In Bernanke's words: on economy, jobs, inflation

Some factors that are weighing on the economy may lift by the end of this year, spurring growth. But the expiration of tax cuts and mandatory spending cuts loom as longer-term threats.

Fed Chairman Ben Bernanke made those and other observations in a news conference Wednesday. Some highlights:

— IMPROVING ECONOMY. Bernanke explained why the Fed said Wednesday that growth may "pick up gradually": "Some of the headwinds that have been affecting our recovery, such as the housing markets, financial stresses, credit tightness, and so on ... we hope will be lifting over time and will allow the economy to grow more quickly."

— THREAT TO GROWTH. A Social Security tax cut and income tax cuts are set to expire at the end of this year. Automatic spending cuts are also set to kick in. "If all the tax increases and spending cuts ... which would take place absent any congressional action were to occur on Jan. 1st, that that would be a significant risk to the recovery."

— WEATHER EFFECT: Some of the big gains in hiring over the winter probably occurred because unseasonably warm weather resulted in more construction projects and factory activity than usual, Bernanke said. Warm weather "made perhaps January and February artificially strong and March perhaps artificially a little bit weak."

— FED'S NEXT STEPS. Bernanke made clear that if the economy slows, the Fed could take further steps to boost growth. Its previous efforts included buying Treasury bonds to try to lower long-term interest rates. "Those tools remain very much on the table," Bernanke said.

— LOW RATES. Bernanke made clear that the economy isn't healthy enough to justify ending the Fed's record-low interest rate policies: "I think it's a little premature to declare victory."

— INFLATION TEMPORARY. Bernanke noted that higher gas prices have pushed up inflation: "But we expect that to pass through the system, and assuming no new shocks in the oil sector, inflation ought to moderate to about 2 percent later this year." The Fed's preferred inflation measure shows that prices rose 2.3 percent in the 12 months that ended in February.

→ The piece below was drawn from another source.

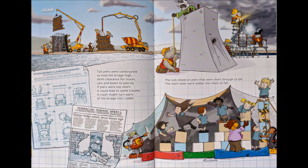June. Tall piers were constructed to hold the bridge high, with clearance for trucks, cars and boats to pass by. If piers were too short, it could lead to some trouble — a crash might turn parts of the bridge into rubble. The kids stood on piers that were short through to tall. The short ones were stable, less likely to fall.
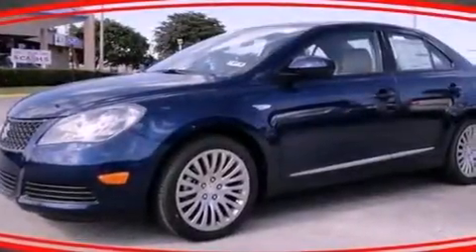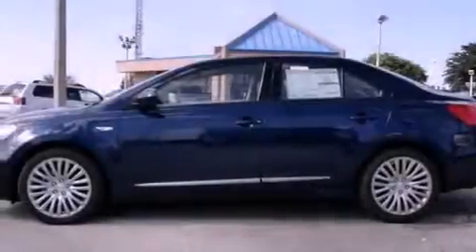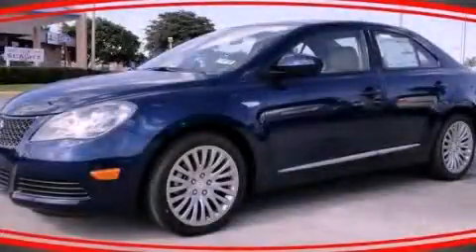With an EPA estimated rating of 30 miles per gallon on the highway, this automobile does not compromise its fuel efficiency for size, comfort, or fun. We invite you to contact us today to learn more about this vehicle.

— FED'S INFLATION STANCE: "We, the Federal Reserve, have spent 30 years building up credibility for low and stable inflation, which has proved extremely valuable in that we've been able to take strong accommodative actions in the last four, five years to support the economy."

— FRUSTRATING RECOVERY. When asked what the most frustrating aspect of the economic recovery is, Bernanke said: "Here we are almost three years from the beginning of the expansion, and the unemployment rate is still over 8 percent. ... It's been a very long slog."